The King O'er the Water
It is a well-known fact that the grass on the other side is always greener. Perhaps it’s equally true that the prince on the other side of the water—or the throne—is invariably more dashing. I write, of course, of Bonnie Prince Charlie, onetime Pretender to the English throne and the ongoing epicenter of enough adulation to make even a modern rock star jealous. (Although, to be fair, it didn’t take much to be more dashing than George II. Those Hanoverians weren’t exactly known for their looks.)
Known as Bonnie Prince Charlie or the Young Pretender, Charles Edward Stuart was the grandson of James II of England, who had been drummed off the throne after a three year reign by his own daughter, Mary, and her husband, William of Orange, in a little event we all know as the Glorious Revolution of 1688. Raised in exile in Italy, the young prince sailed to Scotland in 1745, at the age of twenty-five, to raise the clans against the Hanoverian King, George II. The rebellion was brutally squished and the Bonnie Prince spent some time skulking about the Highlands before making it back to safety on the Continent. He died in 1788, a broken and disappointed man, who reputedly said of his erstwhile supporters, “I will do for them what they did for me, I shall drink their health”.

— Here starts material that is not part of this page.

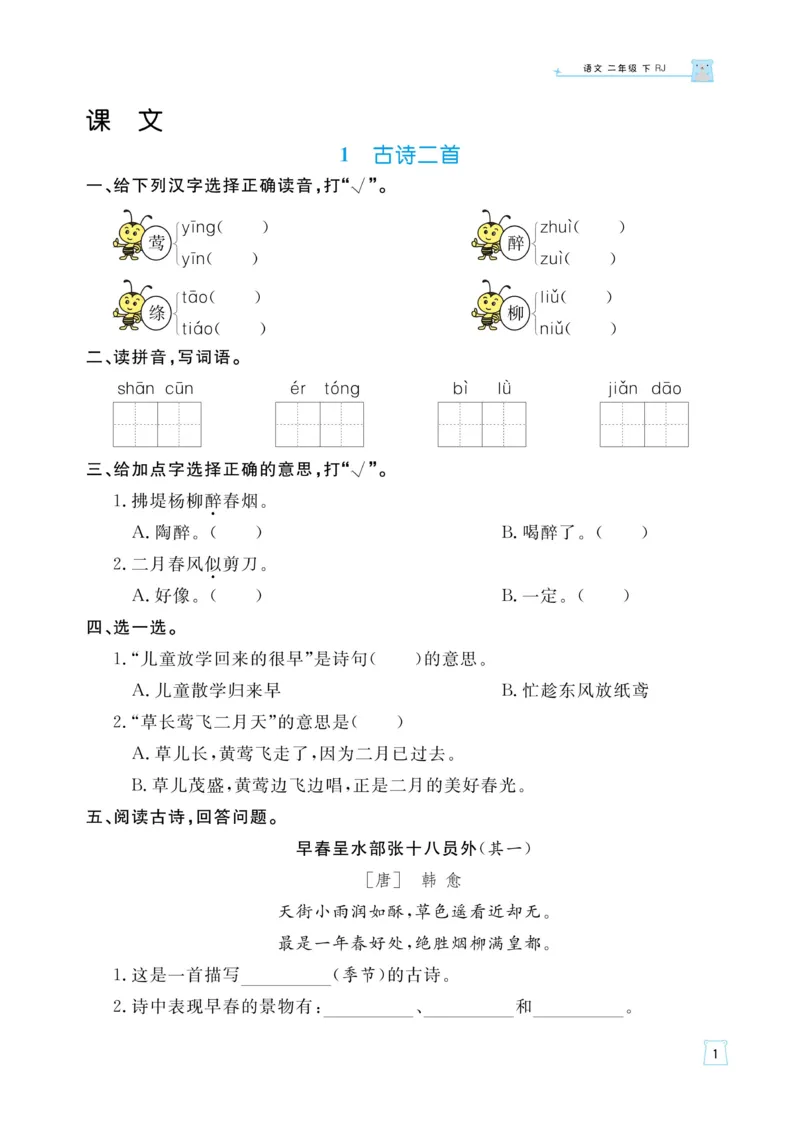 《黄冈名师语文同步天天练》语文2年级下册（RJ）_二年级上下册资料_小学二年级学习资料-25年更新版_2-02、小学二年级语文下册_2-2-2、练习题、作业、试题、试卷_电子册类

What is it about Bonnie Prince Charlie that has elicited such adulation across the centuries? His father, the Old Pretender, led a failed rebellion, too: the ’15 to Bonnie Prince Charlie’s ‘45. Yet one never sees Bonnie Prince Jimmy novelty candy boxes being sold along Princes Street in Edinburgh. It’s always that rascal of a Charlie, sometimes paired with Flora MacDonald (it depends on the size of the candy box).

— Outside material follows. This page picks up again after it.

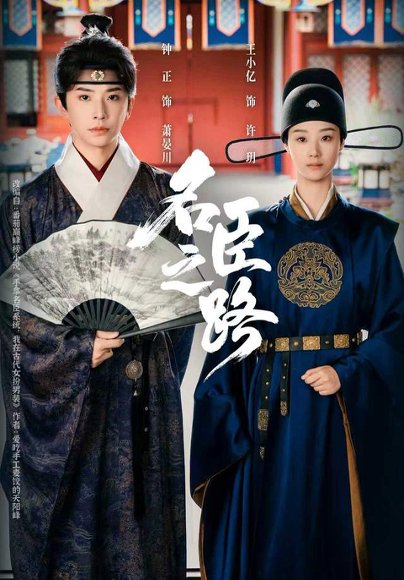 名臣之路（64集）钟正＆王小亿 高清完整版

When you look closely at Charles Edward’s life, it doesn’t bear up with romantic legend. Fond of the bottle, he deteriorated into alcoholism after the collapse of his cause, ruining both his temperament and the profile so beloved of his early portraitists. The drinking proved too much for his common law wife, Clementina Walkinshaw, who left him, taking their daughter with her. In 1772, Charles contracted a formal marriage with a German princess, Louise of Stolberg-Gedern. She left him, too, citing physical cruelty. Not exactly the picture of a prieux chevalier, eh?
Amanda wrote last week about historical saints and sinners, the reputations that have followed various characters through the ages, deserved or not. In Bonnie Prince Charlie’s case, it is the legend of that charming twenty-five year old that has survived, not the reality of the man he became. Wrapped about in myth and legend, he came to encapsulate all the romance of the Lost Cause, wrapped in a kilt and tied in a tartan bow.
Are you a Bonnie Prince Charlie partisan or a Charlie skeptic? Which historical icons leave you cold?